Au niveau de la réalisation, on retrouve les cadres fixes de l'époque entrecoupés de quelques rares travellings, mais la composition des plans et le contraste de la photographie (dirigée par l'un des meilleurs directeurs de l'époque, John Alton) sont extrêmement travaillés, avec une préférence pour les contre-champs (la scène où est présenté l'avocat machiavélique est magistrale, annonçant une menace imminente au coeur de l'histoire) et les profondeurs de champ qui "claquent" lors des affrontements finaux. Enfin, au niveau de l'interprétation, pour autant que j'ai pu en juger, c'est assez juste, même si ce n'est pas son point fort, tout particulièrement Robert Taylor qui convainc moyennement brimé en indien, mais heureusement que la mise en scène est à la hauteur et permet d'oublier un peu ce petit défaut. Par contre j'ai bien aimé la prestation du méchant (l'avocat) qui joue la carte de la subtilité en instillant progressivement la haine chez les convoyeurs de bétail.

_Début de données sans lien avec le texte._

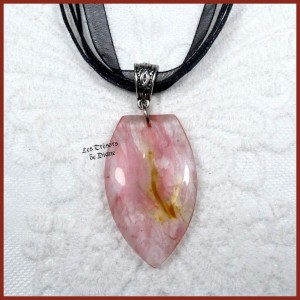 Pendentif CHERRY en QUARTZ CERISE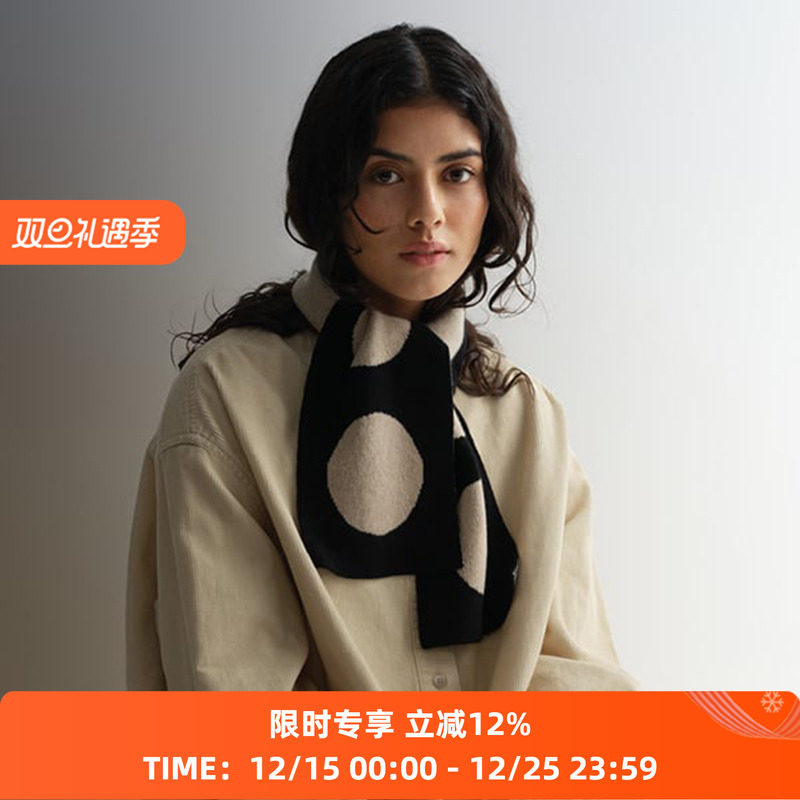 JO GORDON Small Spot Scarf 羊羔毛黑白圆点围巾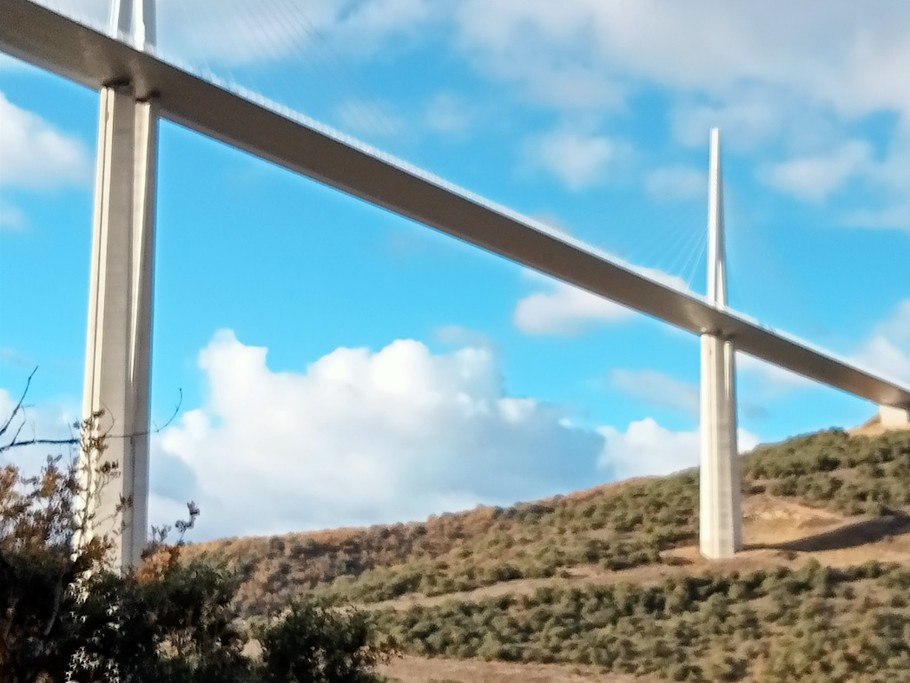 Gîte Les volets bleus. Don't hesitate, see the Millau Viaduct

En conclusion, pour un premier western naphta, je suis assez content. Le script est intelligent, mettant en avant la signification de la loi, et la réaction des individus face à elle. Et il a le mérite de présenter le point de vue d'un indien, bien que celui-ci soit interprété par un américain, une première pour le genre à l'époque. Et j'ai trouvé que certains plans avaient une certaine force, soutenus par un bon rythme général : l'air mystique de veillée funéraire indienne, les visages observant des rixes entre américains et indiens sans broncher, des paysages grandioses, la fureur désespérée de la bataille finale, et bien d'autres à découvrir.